Test results for Hyper-V replication to a secondary site

This article provides the results of performance testing when replicating Hyper-V VMs in System Center Virtual Machine Manager (VMM) clouds, to a secondary datacenter.

Test goals

The goal of testing was to examine how Site Recovery performs during steady state replication.

  • Steady state replication occurs when VMs have completed initial replication, and are synchronizing delta changes.
  • It’s important to measure performance using steady state, because it’s the state in which most VMs remain, unless unexpected outages occur.
  • The test deployment consisted of two on-premises sites, with a VMM server in each site.
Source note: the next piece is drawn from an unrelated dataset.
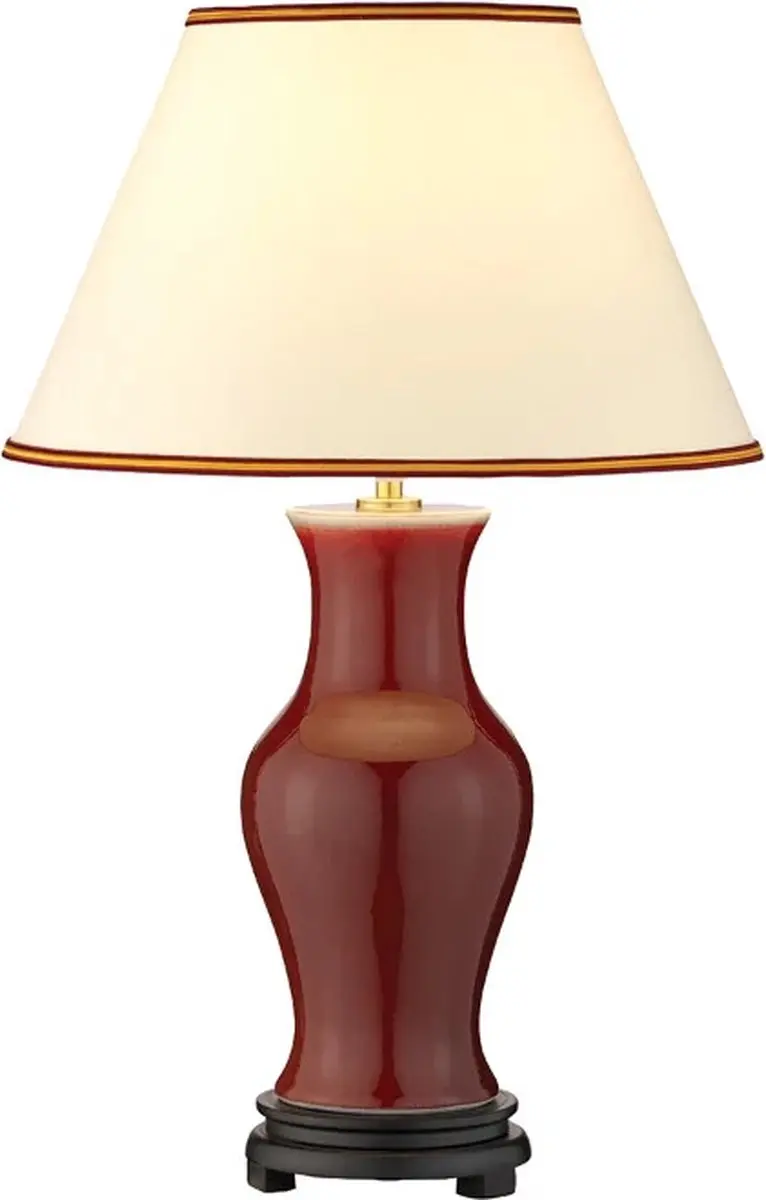 Elstead LED Tafellamp Oxblood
This test deployment is typical of a head office/branch office deployment, with head office acting as the primary site, and the branch office as the secondary or recovery site.

What we did

Here's what we did in the test pass:

  1. Created VMs using VMM templates.
  2. Started VMs, and captured baseline performance metrics over 12 hours.
  3. Created clouds on the primary and recovery VMM servers.
  4. Configured replication in Site Recovery, including mapping between source and recovery clouds.
  5. Enabled protection for VMs, and allowed them to complete initial replication.
  6. Waited a couple of hours for system stabilization.
  7. Captured performance metrics over 12 hours, where all VMs remained in an expected replication state for those 12 hours.
  8. Measured the delta between the baseline performance metrics, and the replication performance metrics.

Primary server performance

  • Hyper-V Replica (used by Site Recovery) asynchronously tracks changes to a log file, with minimum storage overhead on the primary server.

  • Hyper-V Replica utilizes self-maintained memory cache to minimize IOPS overhead for tracking. It stores writes to the VHDX in memory, and flushes them into the log file before the time that the log is sent to the recovery site. A disk flush also happens if the writes hit a predetermined limit.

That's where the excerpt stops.